I can't shut off the router's wireless security right now because I don't have the password (it's my dad's network). I'll try to get the password tomorrow though.

I did discover, however, that I can successfully connect to the "linksys" network on my network list and get on the internet. So I'm thinking it probably isn't a hardware issue?


----------



## etaf (Oct 2, 2003)

This devices are 
Ricoh Memory Stick Controller
Ricoh SD/Host Controller
Ricoh xD-Picture Card Controller
So you need the media card driver of the dell site
http://support.dell.com/support/dow...dateid=-1&formatid=-1&source=-1&fileid=188377


> hat I can successfully connect to the "linksys" network on my network list and get on the internet.


 can you explain further please


----------



## TerryNet (Mar 23, 2005)

From the Xirrus output "linksys" is an unsecured network. That shows that your wireless adapter is working, and your issue is probably the encryption.

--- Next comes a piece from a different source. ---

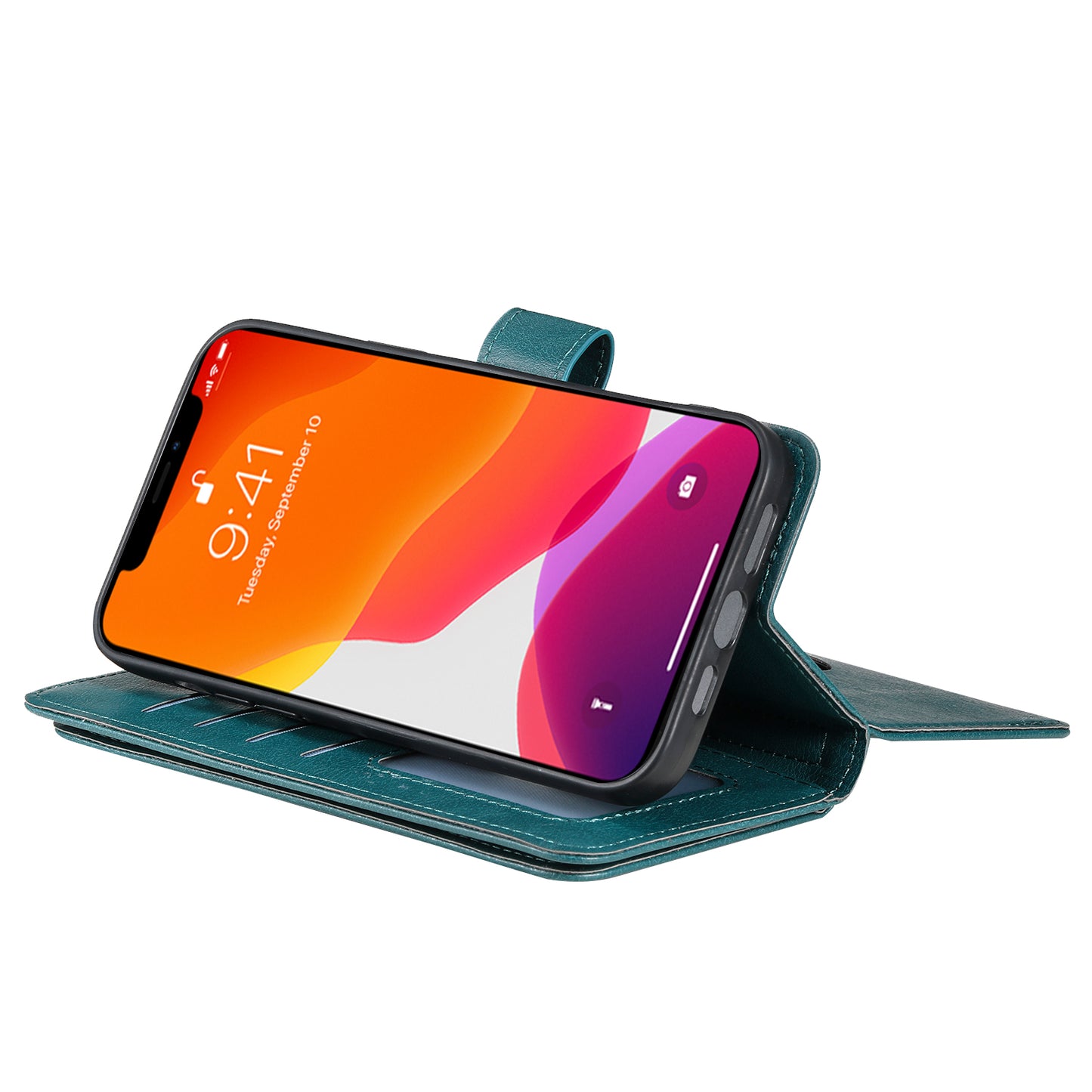 KT Multi-functional Series-1 Multiple Card Slots Drop-Resistant Wallet Design Phone Cover Stand Shell for iPhone 13 Pro Max 6.7 inch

Nonetheless, now that you have installed the latest chipset drivers I suggest that you re-install the latest network drivers, as sometimes the order makes a difference.

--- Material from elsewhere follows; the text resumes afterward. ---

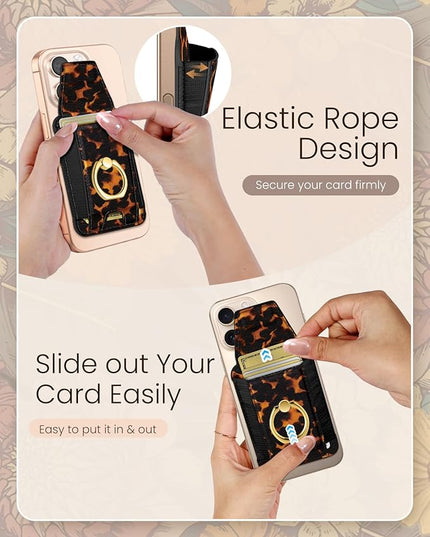 Shorogyt Compatible with Magsafe Wallet with Ring Grip Magnetic Card Holder - Cute Phone Wallets with Stand for iPhone 17/16/15/14/13/12 Series for Women Girls Brown Leopard Design, Fit 7 Cards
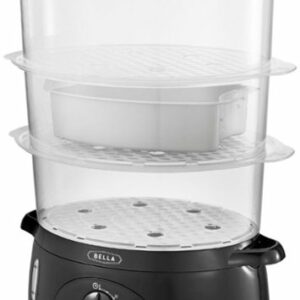 Bella - 9.5-Qt. 3-Tier Food Steamer - Black/Clear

Also, are you at service pack 3? I think that you need at least SP2 to use WPA2.


----------



## Nift (Oct 14, 2011)

Well installing the media card driver got rid of the ? devices in Device Manager. Still can't connect to my network, though.

etaf, like TerryNet said, "linksys" is an unsecured network on my list of available wireless networks. I tried connecting to it just to see if I could and it worked. It's just my own 2WIRE070 network that I can't connect to.

I tried re-installing the network drivers too. Didn't seem to do anything. Also, yes I'm running service pack 3. It was SP2 right after the reformat, and I had the same problem then.


----------



## etaf (Oct 2, 2003)

log into the router and take the wireless security off and see if you can connect if you can = then remove the wireless profile for that network off the PC - log into the router and re-enable the security and setup the key and then reconnect and re-enter the key

*------------------------------------------------------------------------*

* How to remove Wireless Profiles - for XP *
http://mgmcc.forumotion.net/networking-tutorials-f17/removing-an-existing-wireless-profile-t109.htm
*- XP*
http://www.tp-link.com/support/showfaq.asp?id=186
- delete the preferred networks
start> control panel> network connections> right click on the wireless connection> listed wireless networks tab in the preferred network list click on each one and - remove button

you will then have to enter the wireless security key for any networks you connect to - so make sure you know the correct password , and not using an incorrect password at all

*------------------------------------------------------------------------*


----------



## Nift (Oct 14, 2011)

I am able to connect when I disable the router's wireless security, but when I enable it again I still can't connect. I tried removing the wireless profile and re-entering the key.


----------



## VictoriaiiCe (Oct 21, 2011)

I'd disable your wifi then go to my computer,click properties and look at device manager and check out your network adapter (you might have to reinstall it)- unistall it then look at the top- an icon shows a computer with a magnifying glass click that and it will scan for hardware...You could also enter "ipconfig /renew" in your "run" tab from the START menu...Not generating an IP address is the problem..

I hate wireless lol


----------



## etaf (Oct 2, 2003)

before the format did this work with the WPA2 
have you re-enabled with a different key ?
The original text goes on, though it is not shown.